Initialise new Ionic 2 project (not v3 or v1)?

Hi!

Ok, so I’ve tried to initialise new Ionic projects using the following CLI commands:

  1. $ ionic start appname blank
  2. $ ionic start appname blank --v2

However, the first one generates an Ionic 1 project, and the second one generates an Ionic 3 project (with @IonicPage() etc.).

So my question is, how can I generate an Ionic 2 project, i.e. a project running Angular 2 and lacks the new @IonicPage() decorators etc. introduced in Ionic 3)?

Thanks!

There is no Ionic 2 or 3. It is just Ionic.
Why do you want to run Ionic 2.x release and not the actual one?

This also indicates that you are not using the most current version of Ionic CLI. v2.2.3 would require a --v1 to generate a Ionic v1 project and no param to generate a current version Ionic project.

1 Like

I’ve been teaching a one-semester course on cross-platform mobile development, and we’ve been using Ionic for the technical parts of the course. However, we haven’t had the time to cover the new changes to the framework and CLI-generated code base. As their exam is being released any day now, it would be beneficial for the students to do their exams using a generated code base (“ionic 2”) they’re already familiar with.
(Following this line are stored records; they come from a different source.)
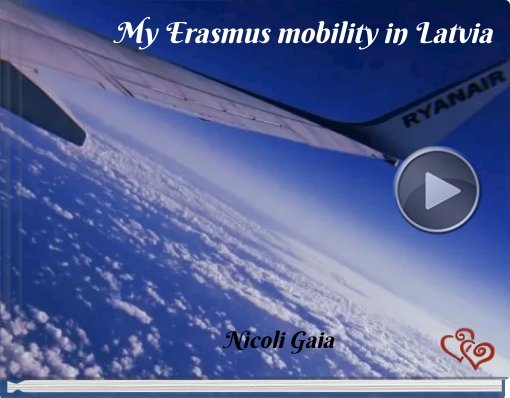Book titled 'My Erasmus+ mobility in Latvia'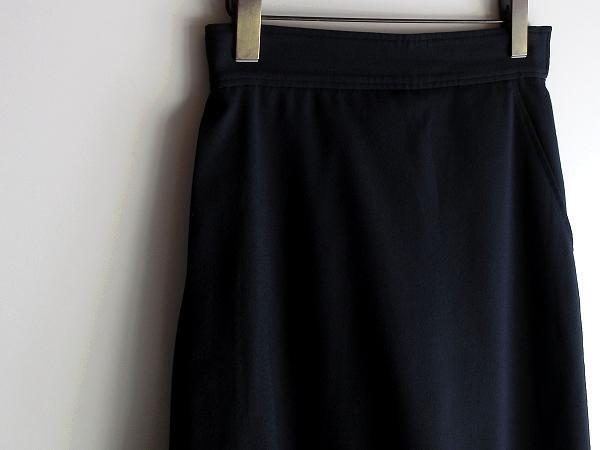 HYKE　RANDOM PLEATED SKIRT　BLACK HYKE THE NORTH FACE Asymmetric Pleated Skirt Black S(US XS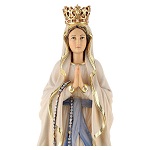 Virgen de Lourdes 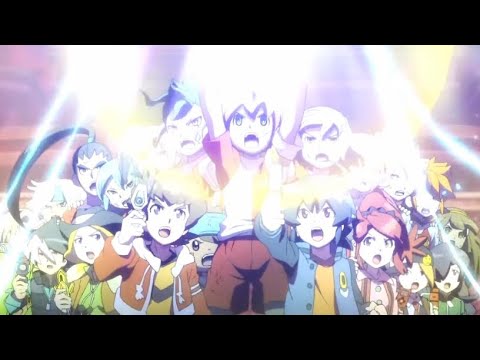 Inazuma Eleven GO VS Danball Senki W - God Hand W (ゴッドハンド W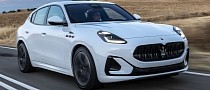 New Maserati Grecale Folgore Debuts as 550-HP Electric Crossover With 311-Mile Range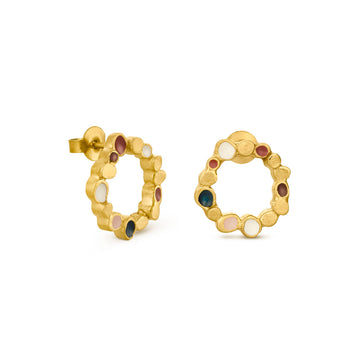 Aura in Gold - Earrings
So, by choice we’ve stayed away from upgrading our projects and our CLIs :slight_smile:

Ok, that’s the first time we hear a good reason for this :wink:

Easiest way is to just copy a project that was created with the versions you want. So for example go for the first checkin in the Git repo or something like that.
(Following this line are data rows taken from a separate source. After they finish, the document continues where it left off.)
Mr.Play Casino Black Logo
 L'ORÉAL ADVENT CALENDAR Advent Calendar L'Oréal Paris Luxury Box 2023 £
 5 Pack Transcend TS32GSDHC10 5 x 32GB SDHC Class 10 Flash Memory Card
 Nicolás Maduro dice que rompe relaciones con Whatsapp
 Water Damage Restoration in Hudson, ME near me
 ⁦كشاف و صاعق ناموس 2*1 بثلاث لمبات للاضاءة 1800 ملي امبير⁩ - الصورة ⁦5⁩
(But please note that the Ionic Documentation then will probably not what you are seeing, especially not for Ionic Native or other fast moving and developing parts)

1 Like

Ok – good point! I’ll take this into consideration, might make tomorrow’s lesson into a quick introduction to the new concepts instead of the original plan :slight_smile:

Thanks!

Note that one can (and I do) use framework v3 without any of the @IonicPage lazy loading. It would probably be beneficial for your students to eschew the generators, so that they get familiar with how to build parts of the application by hand. As long as you avoid the generators, you don’t even need to know of the existence of @IonicPage, and your lesson plan material can be used unchanged.